MiPACQ will be released under an Apache v2 open-source license in late 2011. Associated lexical resources including gold standard annotations will also be made available to the research community.
The increased desire to incorporate medical databases into the clinical practice of medicine has resulted in increased demand for clinical question answering systems. Traditional information retrieval systems have proven inadequate for the task. While baseline systems performed marginally well at retrieving documents pertinent to the question, physicians do not have time to scour the entire document to find the answer and performance was substantially worse when we attempted to apply IR technologies to obtain answers at the paragraph level.

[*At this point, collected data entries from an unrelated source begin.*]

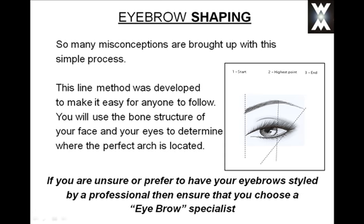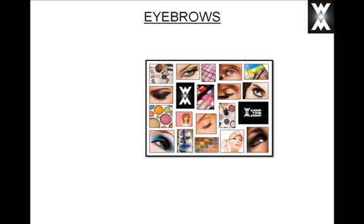If however you are unsure or prefer to have your eyebrows styled by a professional, then I recommend that you choose an eyebrow specialist. So let's have a look at some eyebrow products.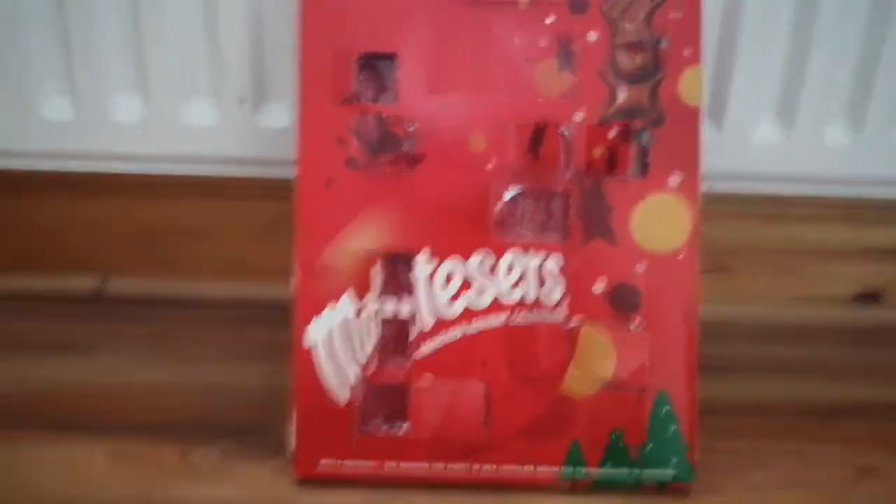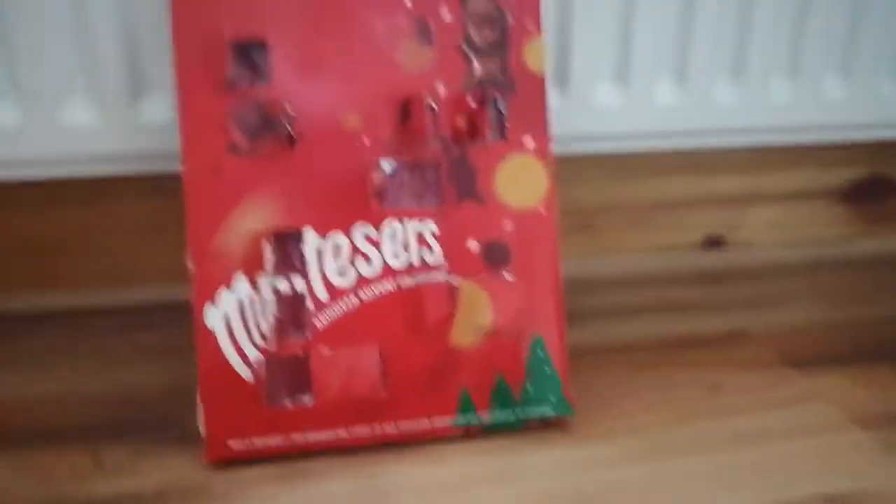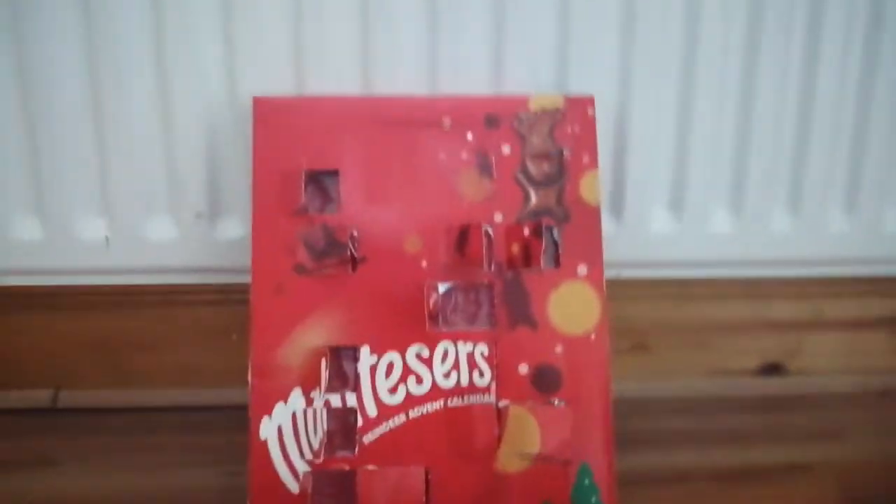So yeah, that was day 14. Stay tuned for day 15 tomorrow.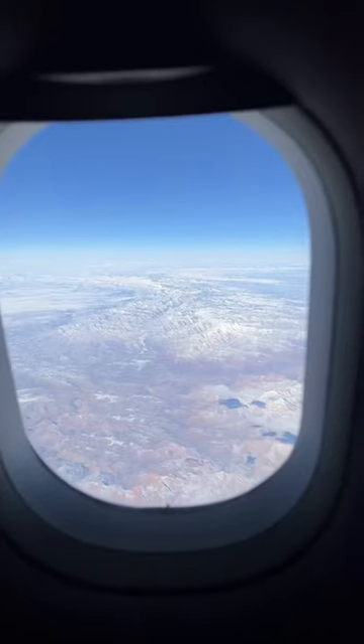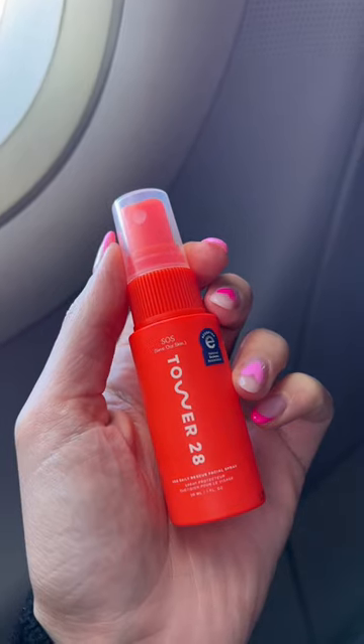The only skincare you should be using for a long flight is this. If traveling makes your skin break out or get irritated, opt for a soothing mist like this one. I always wear pimple patches over active breakouts on the plane.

This is the first evaluation of MiPACQ. It demonstrates that the application of NLP and machine learning to clinical question answering can provide substantial performance improvements. By annotating both questions and candidate answers with a variety of syntactic and semantic features and incorporating both existing and new NLP systems into a comprehensive annotation and re-ranking pipeline, we were able to improve question answering performance significantly (an improvement of 133% in Precision at One relative to the baseline IR system). This is particularly significant considering that we have not yet incorporated query re-formulation (key word expansion). When MiPACQ is run against other corpora, the extent to which the re-ranking is boosted by the current machine-learning classifiers remains to be seen. And while the expected answer type classifier is dependent upon the training data, the classifier is only one component of the re-ranking. If needed, they can be retrained easily due to our use of the ClearTK framework. Our approach demonstrates the effectiveness of NLP for clinical question answering tasks as well as the utility of integrating multiple layers of annotation with machine-learning based re-ranking systems.
The project described was supported by award number NLM RC1LM010608. The content is solely the responsibility of the authors and does not necessarily represent the official views of the NLM/NIH.